= Meu Pé de Laranja Lima =

Novel by José Mauro de Vasconcelos

Meu Pé de Laranja Lima (My Sweet Orange Tree) is a novel by José Mauro de Vasconcelos. The book was first published in 1968 and was used for literature classes for elementary schools in Brazil. It has also been translated and published in the US, Europe and Asia.

The novel is part of a tetralogy written by Vasconcelos and centered on different stages in the life of the protagonist, Zeze, and, by extension, Vasconcelos. The four books were published in a disorganized order, following an aleatory chronology instead of a direct one. The direct continuation of the story, Doidão, was actually published in 1963, five years before My Sweet Orange Tree, and follows the life of Zeze during his adolescence.

== Plot ==
Zeze is a young boy who lives in Bangu, Rio de Janeiro with his underprivileged family. Because everyone is busy trying to support the family, Zeze is usually left by himself with his baby brother Luis, and ends up doing mischievous deeds that make his parents and older siblings so angry that they physically abuse him for what he has done.

After Zeze's father gets fired, the whole family moves, and the new house has a few trees that each of the siblings claims. After having all the trees taken, Zeze gets upset, but one of his older sisters, Gloria, suggests looking in the backyard and Zeze soon discovers a small orange tree. At first, Zeze doesn't like his tree, but he finds out that amazingly, he can communicate with it. He gives the tree a name, Minguinho, and the two become best friends.

Even after meeting a companion, Zeze continues his naughty pranks, and he finally decides to hang on the back of the car of a Portuguese man called Manuel Valadares. Unfortunately Zeze gets busted and Valadares humiliates him in public, causing Zeze to vow to take his revenge. However, Valadares attributes Zeze's attitude to the fact that he's a child and offers Zeze his friendship. With this relationship, Zeze learns what real love is.
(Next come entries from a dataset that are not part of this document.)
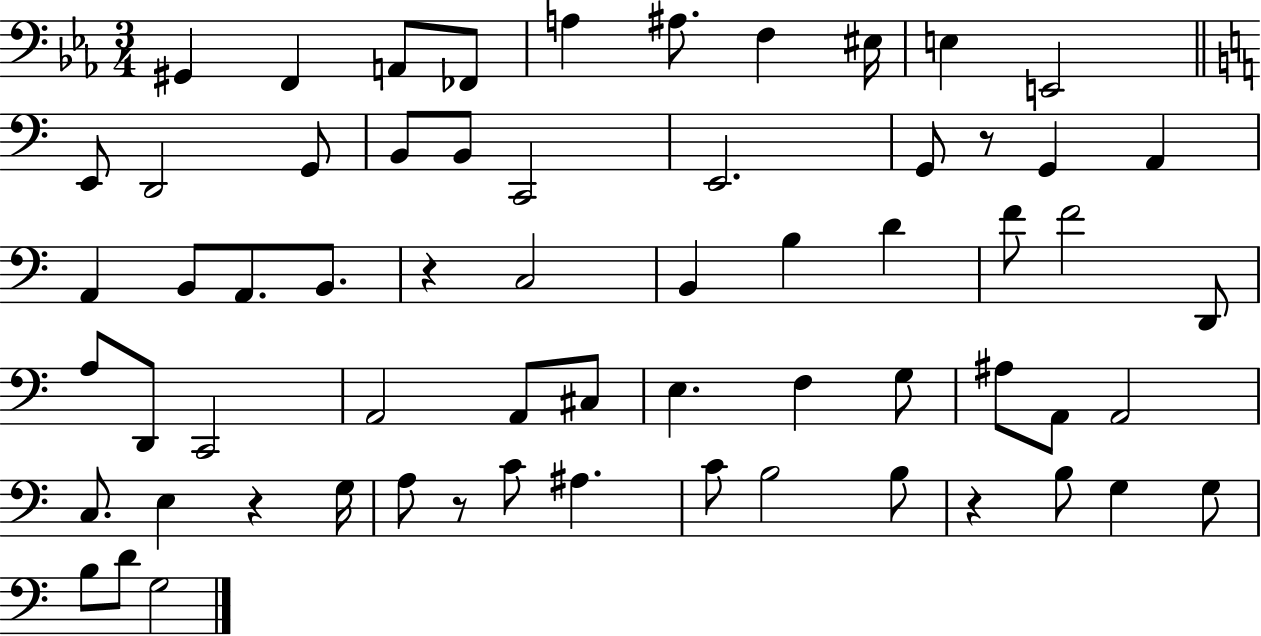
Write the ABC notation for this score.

X:1
T:Untitled
M:3/4
L:1/4
K:Eb
^G,, F,, A,,/2 _F,,/2 A, ^A,/2 F, ^E,/4 E, E,,2 E,,/2 D,,2 G,,/2 B,,/2 B,,/2 C,,2 E,,2 G,,/2 z/2 G,, A,, A,, B,,/2 A,,/2 B,,/2 z C,2 B,, B, D F/2 F2 D,,/2 A,/2 D,,/2 C,,2 A,,2 A,,/2 ^C,/2 E, F, G,/2 ^A,/2 A,,/2 A,,2 C,/2 E, z G,/4 A,/2 z/2 C/2 ^A, C/2 B,2 B,/2 z B,/2 G, G,/2 B,/2 D/2 G,2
The two of them share many memories as good friends, but sadly, Valadares dies in a train accident. Zeze goes through serious mental trauma that causes illness. In the end, Zeze overcomes the trauma, but loses the ability to talk to Minguinho. Zeze also hears the news from his father that he has got a new job and their life will be better. However, Zeze confesses he feels he has killed his father in his mind for the treatment he has given him and expresses sorrow at losing his ‘real’ father, Manuel Valadares.

== Adaptations ==
This book was first adapted into a film in 1970, directed by Aurélio Teixeira. Three telenovelas based on the work were created: in 1970, shown by TV Tupi; in 1980 and 1998, shown by Rede Bandeirantes. In 2003, the work was published in South Korea, in comic book form, in an edition with 224 illustrated pages. In 2012, a new film version, directed by Marcos Bernstein, was produced and shown during the Rio Festival, which began on April 19, 2013.